Killer Whales Snack on Seals, Save Salmon

by Reuters
Environmental News Network, March 5, 2003

SEATTLE -- Endangered Seattle salmon are breathing more easily after a traveling troupe of killer whales took a big bite out of the area's harbor seal population during a two-month feeding binge, wildlife experts say.

Distraught seals huddling on shore in Hood Canal near Bremerton, Wash., are safe to go back in the water, though perhaps half of their friends will not be there, having been chomped down by 13 whales, who have finally left town.

"At the end of last week the seals were up on the bank quivering," said Steve Jeffries, a marine mammal biologist at the Washington State Department of Fish and Wildlife. "This was a perfect place to be a killer whale; probably a bad spot if you happened to be a harbor seal."

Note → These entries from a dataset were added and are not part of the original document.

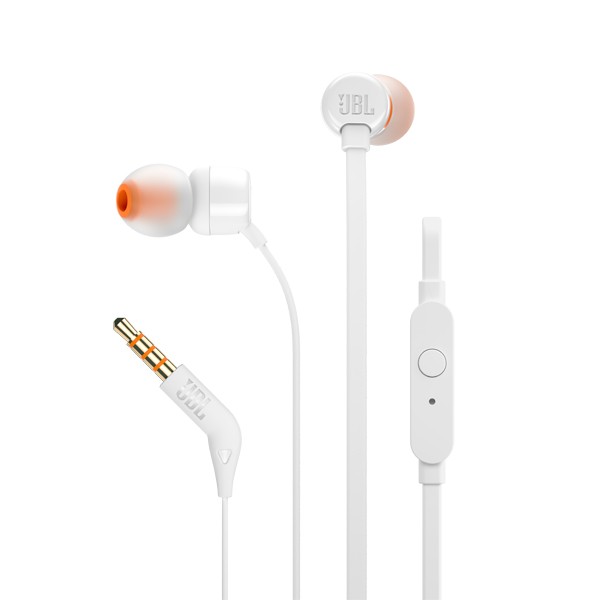 Гарнитура JBL T110,стерео,jack 3.5mm,белая,rtl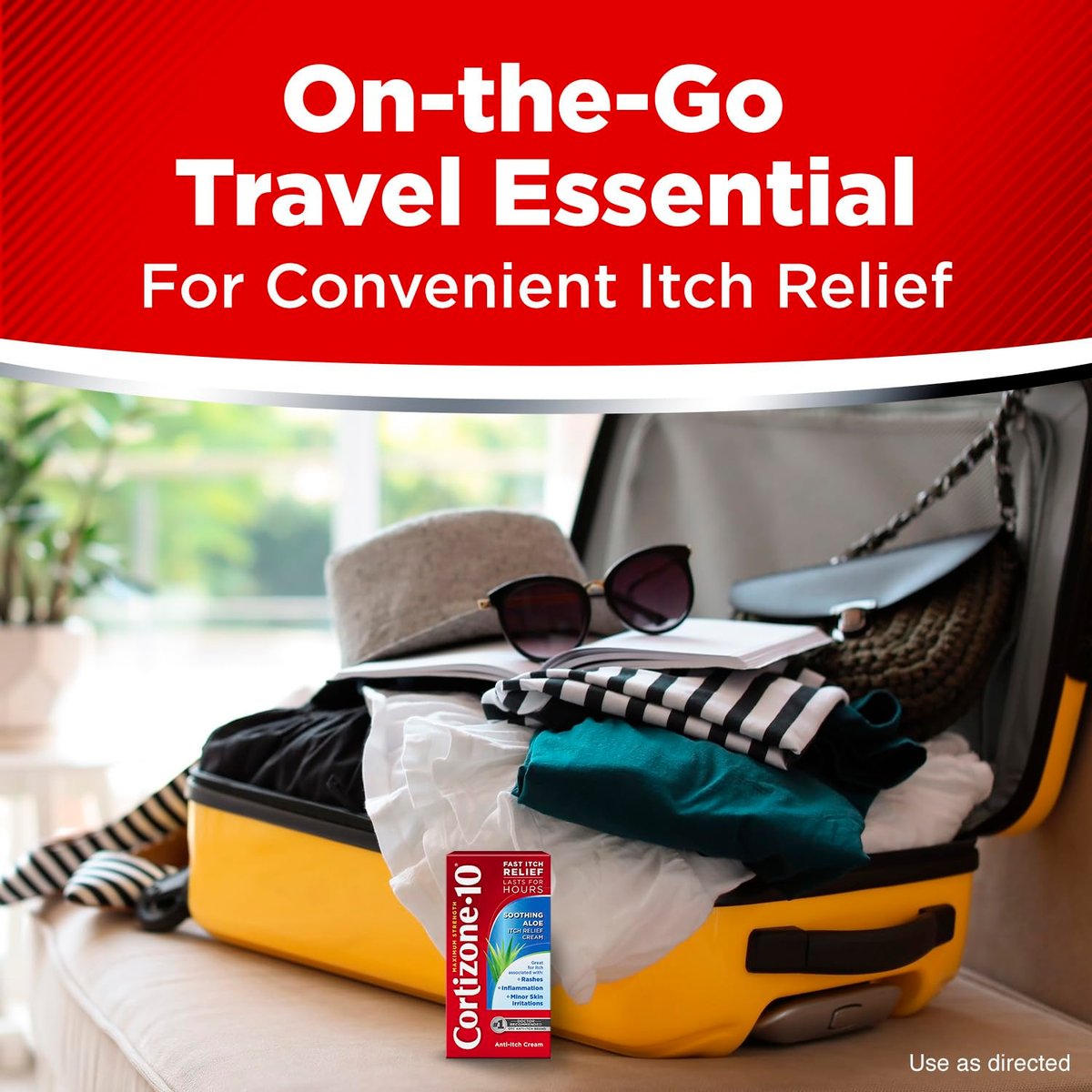 Cortizone-10 Maximum Strength Soothing Aloe Itch Relief Cream, 1% Hydrocortisone, Fast-Acting, Anti-Itch Cream for Bug Bites, Rash, Eczema, Psoriasis, Poison Ivy, Oak, Sumac & More, 1 oz - görsel 12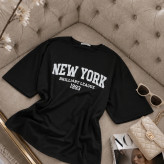 تیشرت باکسی زنانه طرح New York | استایل کژوال و ترندی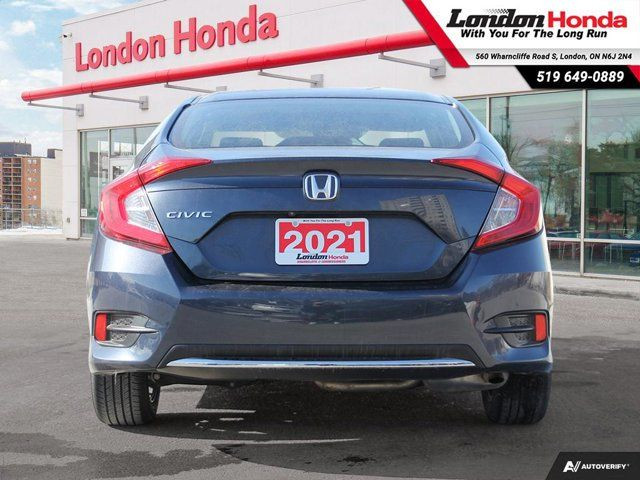 2021 Honda Civic Sedan EX | Honda Certified | Moonroof in Cars & Trucks in Brantford - Image 4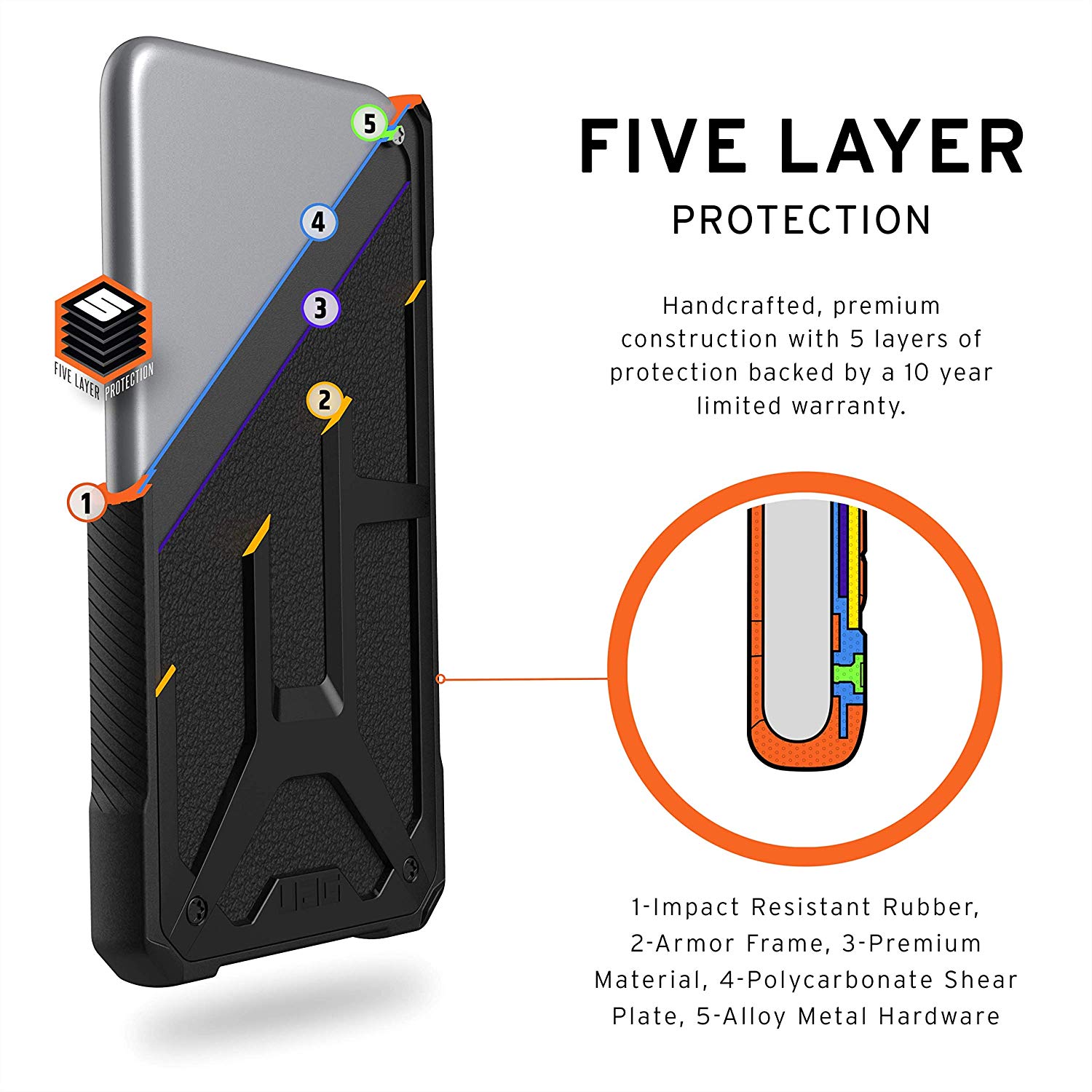 Противоударный защитный чехол UAG Monarch Black Leather для iPhone 11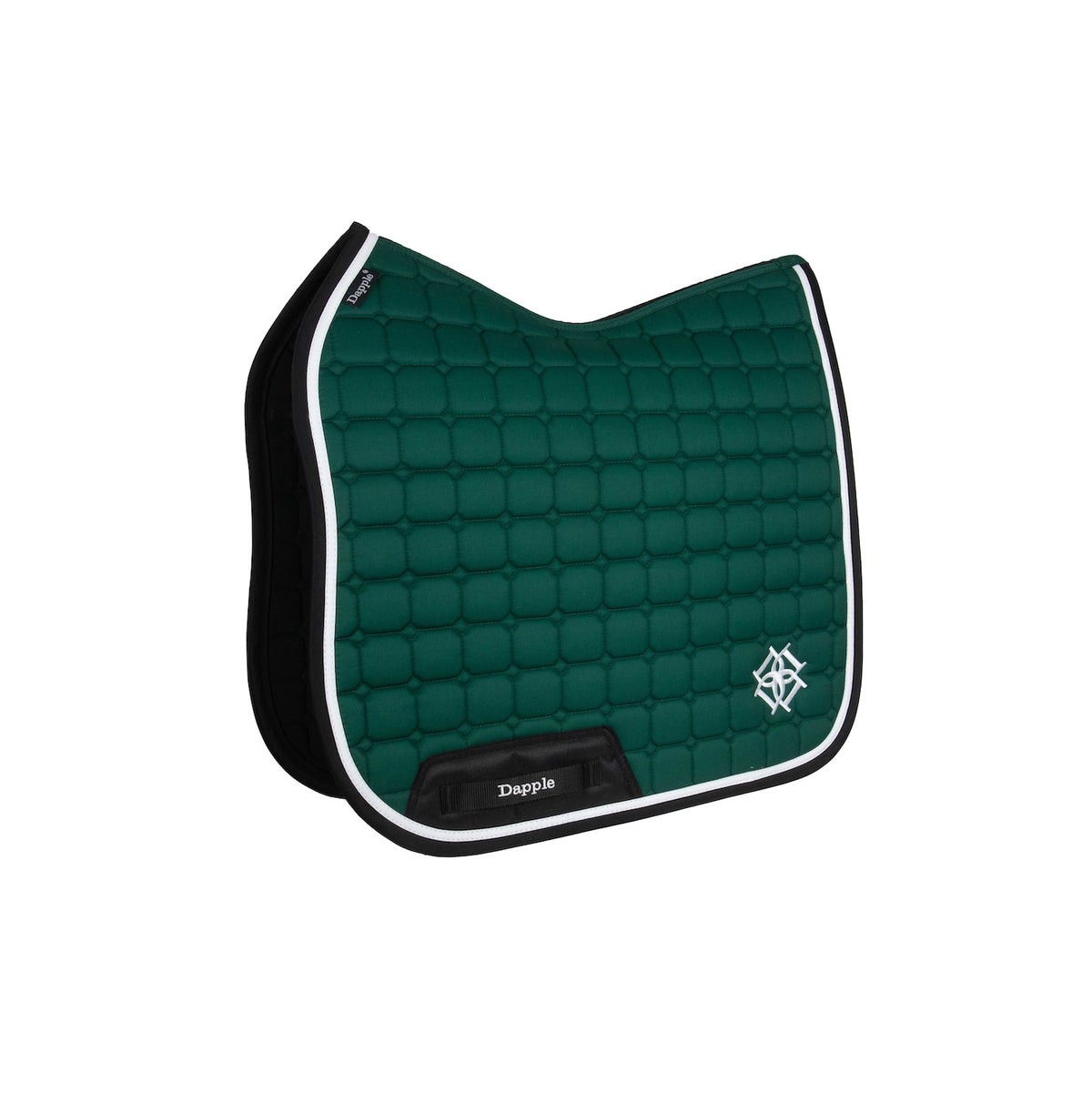 Green, Black & White Dressage Saddle Pad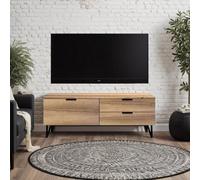 Fwstyle 3 Drawer Tv Unit Cracked Oak Fast Click Assembly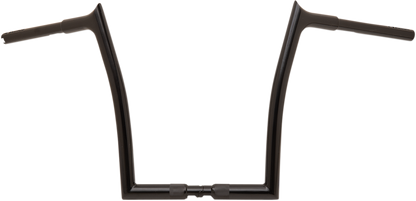 FAT BAGGERS INC. 1-1/4" EZ Install Pointed Top Handlebar - 14" - Black 908014-B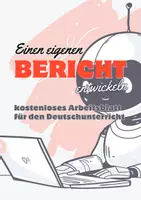 Vorschau - Arbeitsblätter - Einen eigenen Bericht entwickeln - Deckblatt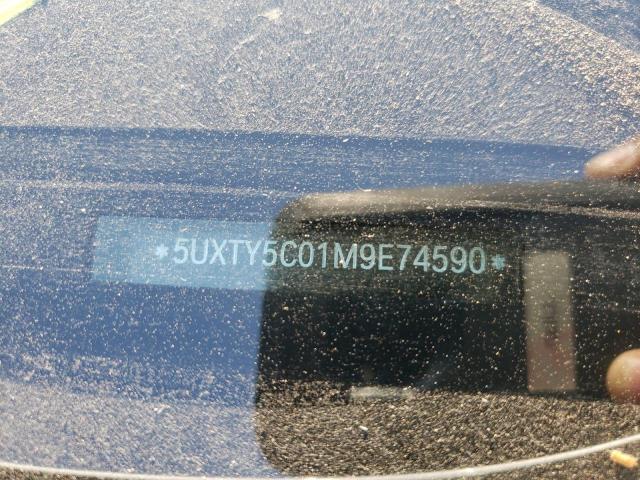 5UXTY5C01M9E74590 - 2021 BMW X3 XDRIVE3 SILVER photo 10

The killer whales, or orcas, were likely drawn by the ample supply of some 1,500 Hood Canal seals, growing as large as 250 pounds on a steady diet of 200 salmon a day.

The seals added to the strain on local salmon runs already depleted by pollution, habitat loss, fishing, and hydroelectric dams interrupting their lengthy river migrations.

The visiting transient whales, which can grow to as large as 10 tons, have thinned out the herd, giving salmon a better chance to get past the voracious seals when they leave the ocean and head back upstream to spawn in the fall.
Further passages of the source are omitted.